Northport’s Tom Kehoe, holding a bag of clams from Oyster Bay in the Northport headquarters of K&B Seafood, said frigid temperatures this winter froze prime harbors like never before. 

The deep freeze was attributed to what has been determined by meteorologists as the fourth-coldest February New York has experienced in a century and a half. Boston took the initial body-blow and some of the heaviest snowfalls and accumulation ever recorded in the region. As the snow piled up here, the frigid cold wasn’t far behind.

“Pretty much, we’re not working,” Northport Mayor George Doll, a lobsterman and shellfisherman by trade, said. “You couldn’t get out, first of all. Finally, the whole place from Eaton’s Neck to Lloyd’s Point was frozen, so there was no place to go.”

Some resorted to taking chainsaws with them, where they cut holes in the ice and began raking for clams – hardly optimal conditions, Doll said.

Northport Harbor, pictured Tuesday, is just beginning to thaw.

Not only is the cold tough on the body, it can freeze oysters, ruining any potential take in the frigid cold.

“When the temperature got above freezing, you could go. But you had to walk [on the frozen harbor] to where you were going,” Doll said. 

While the frigid cold dried up the supply, it also sapped demand, too.  

“Because it’s so cold, people weren’t going out [to restaurants],” Kehoe said.

That’s bad news for Kehoe – his business supplies restaurants, hotels and country clubs in New York City and Long Island with seafood. Tapping into the region’s strengths, shellfish, namely oysters – some of them drawn from Huntington Harbor – are his specialty.  

But some of those gems were frozen in the harbor, unable to be harvested.

In the meantime, Kehoe pivoted to the west coast for oysters, tapping into Washington state, Vancouver and Baja, Mexico suppliers. Frozen mussels came from Chile, and “you just did without clams for a while, that’s all.” 

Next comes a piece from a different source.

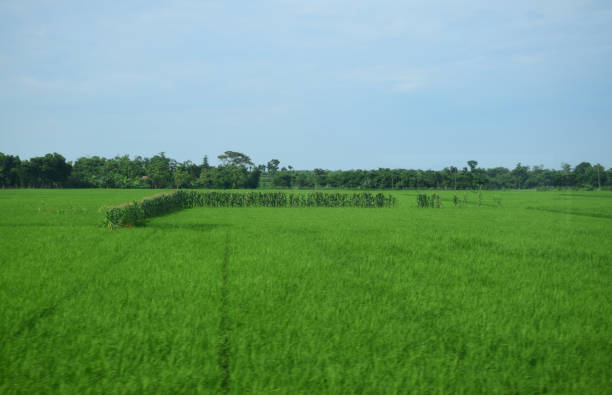 istock A stretch of green rice fields 1207477967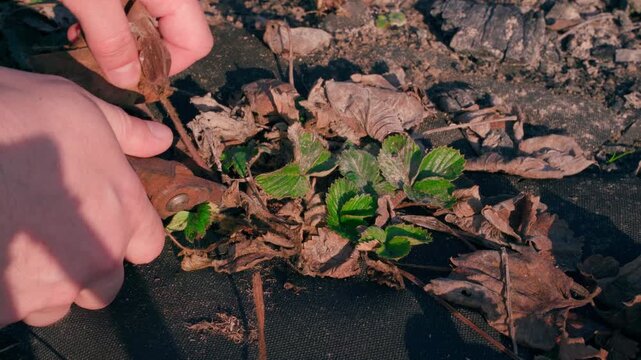Gardener cleaning strawberry bushes from dry dead leaves after winter. Spring vegetable garden care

 “You always have fish you can get your hands on, but the local northeast shellfish wasn’t available at any price,” Kehoe said.

Kehoe said prices typically increased by about 50 percent during the deep freeze. That price spike was tempered by the nature of the business, in which long-term supply relationships tend to be the norm. So, even though restaurants were “very anxious” to get their hands on product, there was less incentive to send prices sky-high.

“There’s a balance,” he said.

But with temperatures on the rise again, Kehoe said relief is coming soon – he expects shellfishing to begin again in earnest in a matter of days.